- _The task_:
Please print the full listing exactly.

───── Available data ─────

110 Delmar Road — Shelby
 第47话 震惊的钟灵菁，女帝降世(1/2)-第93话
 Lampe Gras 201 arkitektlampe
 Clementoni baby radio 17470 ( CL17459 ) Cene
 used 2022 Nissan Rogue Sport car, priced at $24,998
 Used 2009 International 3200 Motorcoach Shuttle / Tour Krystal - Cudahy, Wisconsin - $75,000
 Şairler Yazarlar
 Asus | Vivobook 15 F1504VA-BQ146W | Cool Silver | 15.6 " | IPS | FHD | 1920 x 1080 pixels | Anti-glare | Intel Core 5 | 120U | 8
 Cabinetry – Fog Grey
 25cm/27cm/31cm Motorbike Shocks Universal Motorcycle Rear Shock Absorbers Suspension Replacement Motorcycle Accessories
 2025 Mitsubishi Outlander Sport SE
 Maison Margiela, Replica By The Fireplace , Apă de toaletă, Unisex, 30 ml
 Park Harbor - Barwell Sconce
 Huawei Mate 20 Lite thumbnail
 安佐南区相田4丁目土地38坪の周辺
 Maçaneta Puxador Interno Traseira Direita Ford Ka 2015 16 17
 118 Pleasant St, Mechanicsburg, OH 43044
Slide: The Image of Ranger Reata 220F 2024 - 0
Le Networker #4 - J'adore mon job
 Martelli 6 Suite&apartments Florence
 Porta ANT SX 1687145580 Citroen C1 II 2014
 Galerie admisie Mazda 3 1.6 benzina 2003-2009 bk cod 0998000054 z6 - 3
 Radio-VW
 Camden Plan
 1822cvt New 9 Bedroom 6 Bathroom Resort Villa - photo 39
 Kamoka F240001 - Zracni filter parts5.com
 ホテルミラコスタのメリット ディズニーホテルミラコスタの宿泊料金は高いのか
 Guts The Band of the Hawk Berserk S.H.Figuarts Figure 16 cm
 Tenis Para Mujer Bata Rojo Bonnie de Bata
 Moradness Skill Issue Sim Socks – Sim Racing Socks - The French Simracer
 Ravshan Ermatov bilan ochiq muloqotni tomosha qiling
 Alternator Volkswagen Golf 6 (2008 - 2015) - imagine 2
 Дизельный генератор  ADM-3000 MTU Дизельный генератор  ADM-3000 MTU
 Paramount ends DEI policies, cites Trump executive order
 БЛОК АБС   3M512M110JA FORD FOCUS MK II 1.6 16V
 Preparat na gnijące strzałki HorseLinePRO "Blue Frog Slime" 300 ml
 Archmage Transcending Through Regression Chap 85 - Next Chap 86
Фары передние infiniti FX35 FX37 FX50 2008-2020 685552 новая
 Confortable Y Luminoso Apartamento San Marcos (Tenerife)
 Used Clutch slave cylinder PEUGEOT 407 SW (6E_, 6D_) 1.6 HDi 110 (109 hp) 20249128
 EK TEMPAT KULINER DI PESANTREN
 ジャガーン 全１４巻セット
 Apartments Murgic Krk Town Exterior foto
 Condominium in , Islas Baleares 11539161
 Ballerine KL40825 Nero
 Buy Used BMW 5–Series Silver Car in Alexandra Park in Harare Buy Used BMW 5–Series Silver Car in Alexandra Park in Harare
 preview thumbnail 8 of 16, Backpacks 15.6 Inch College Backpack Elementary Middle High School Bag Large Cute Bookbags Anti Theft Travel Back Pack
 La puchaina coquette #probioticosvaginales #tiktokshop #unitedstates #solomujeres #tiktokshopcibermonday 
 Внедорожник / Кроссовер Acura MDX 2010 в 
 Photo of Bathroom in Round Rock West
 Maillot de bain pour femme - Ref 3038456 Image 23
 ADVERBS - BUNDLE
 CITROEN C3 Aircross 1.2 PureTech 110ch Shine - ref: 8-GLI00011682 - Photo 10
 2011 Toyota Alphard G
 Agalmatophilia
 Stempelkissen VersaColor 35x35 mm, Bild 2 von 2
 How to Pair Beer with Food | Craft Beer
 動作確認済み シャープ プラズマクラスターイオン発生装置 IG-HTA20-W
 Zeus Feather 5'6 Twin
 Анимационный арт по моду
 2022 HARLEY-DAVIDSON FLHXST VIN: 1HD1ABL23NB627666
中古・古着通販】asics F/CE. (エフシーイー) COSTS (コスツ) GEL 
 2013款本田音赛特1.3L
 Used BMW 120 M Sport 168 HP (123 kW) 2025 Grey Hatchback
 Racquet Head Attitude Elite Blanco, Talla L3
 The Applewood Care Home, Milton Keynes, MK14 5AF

─────

- _Written response_:
110 Delmar Road — Shelby
 第47话 震惊的钟灵菁，女帝降世(1/2)-第93话
 Lampe Gras 201 arkitektlampe
 Clementoni baby radio 17470 ( CL17459 ) Cene
 used 2022 Nissan Rogue Sport car, priced at $24,998
 Used 2009 International 3200 Motorcoach Shuttle / Tour Krystal - Cudahy, Wisconsin - $75,000
 Şairler Yazarlar
 Asus | Vivobook 15 F1504VA-BQ146W | Cool Silver | 15.6 " | IPS | FHD | 1920 x 1080 pixels | Anti-glare | Intel Core 5 | 120U | 8
 Cabinetry – Fog Grey
 25cm/27cm/31cm Motorbike Shocks Universal Motorcycle Rear Shock Absorbers Suspension Replacement Motorcycle Accessories
 2025 Mitsubishi Outlander Sport SE
 Maison Margiela, Replica By The Fireplace , Apă de toaletă, Unisex, 30 ml
 Park Harbor - Barwell Sconce
 Huawei Mate 20 Lite thumbnail
 安佐南区相田4丁目土地38坪の周辺
 Maçaneta Puxador Interno Traseira Direita Ford Ka 2015 16 17
 118 Pleasant St, Mechanicsburg, OH 43044
Slide: The Image of Ranger Reata 220F 2024 - 0
Le Networker #4 - J'adore mon job
 Martelli 6 Suite&apartments Florence
 Porta ANT SX 1687145580 Citroen C1 II 2014
 Galerie admisie Mazda 3 1.6 benzina 2003-2009 bk cod 0998000054 z6 - 3
 Radio-VW
 Camden Plan
 1822cvt New 9 Bedroom 6 Bathroom Resort Villa - photo 39
 Kamoka F240001 - Zracni filter parts5.com
 ホテルミラコスタのメリット ディズニーホテルミラコスタの宿泊料金は高いのか
 Guts The Band of the Hawk Berserk S.H.Figuarts Figure 16 cm
 Tenis Para Mujer Bata Rojo Bonnie de Bata
 Moradness Skill Issue Sim Socks – Sim Racing Socks - The French Simracer
 Ravshan Ermatov bilan ochiq muloqotni tomosha qiling
 Alternator Volkswagen Golf 6 (2008 - 2015) - imagine 2
 Дизельный генератор  ADM-3000 MTU Дизельный генератор  ADM-3000 MTU
 Paramount ends DEI policies, cites Trump executive order
 БЛОК АБС   3M512M110JA FORD FOCUS MK II 1.6 16V
 Preparat na gnijące strzałki HorseLinePRO "Blue Frog Slime" 300 ml
 Archmage Transcending Through Regression Chap 85 - Next Chap 86
Фары передние infiniti FX35 FX37 FX50 2008-2020 685552 новая
 Confortable Y Luminoso Apartamento San Marcos (Tenerife)
 Used Clutch slave cylinder PEUGEOT 407 SW (6E_, 6D_) 1.6 HDi 110 (109 hp) 20249128
 EK TEMPAT KULINER DI PESANTREN
 ジャガーン 全１４巻セット
 Apartments Murgic Krk Town Exterior foto
 Condominium in , Islas Baleares 11539161
 Ballerine KL40825 Nero
 Buy Used BMW 5–Series Silver Car in Alexandra Park in Harare Buy Used BMW 5–Series Silver Car in Alexandra Park in Harare
 preview thumbnail 8 of 16, Backpacks 15.6 Inch College Backpack Elementary Middle High School Bag Large Cute Bookbags Anti Theft Travel Back Pack
 La puchaina coquette #probioticosvaginales #tiktokshop #unitedstates #solomujeres #tiktokshopcibermonday 
 Внедорожник / Кроссовер Acura MDX 2010 в 
 Photo of Bathroom in Round Rock West
 Maillot de bain pour femme - Ref 3038456 Image 23
 ADVERBS - BUNDLE
 CITROEN C3 Aircross 1.2 PureTech 110ch Shine - ref: 8-GLI00011682 - Photo 10
 2011 Toyota Alphard G
 Agalmatophilia
 Stempelkissen VersaColor 35x35 mm, Bild 2 von 2
 How to Pair Beer with Food | Craft Beer
 動作確認済み シャープ プラズマクラスターイオン発生装置 IG-HTA20-W
 Zeus Feather 5'6 Twin
 Анимационный арт по моду
 2022 HARLEY-DAVIDSON FLHXST VIN: 1HD1ABL23NB627666
中古・古着通販】asics F/CE. (エフシーイー) COSTS (コスツ) GEL 
 2013款本田音赛特1.3L
 Used BMW 120 M Sport 168 HP (123 kW) 2025 Grey Hatchback
 Racquet Head Attitude Elite Blanco, Talla L3
 The Applewood Care Home, Milton Keynes, MK14 5AF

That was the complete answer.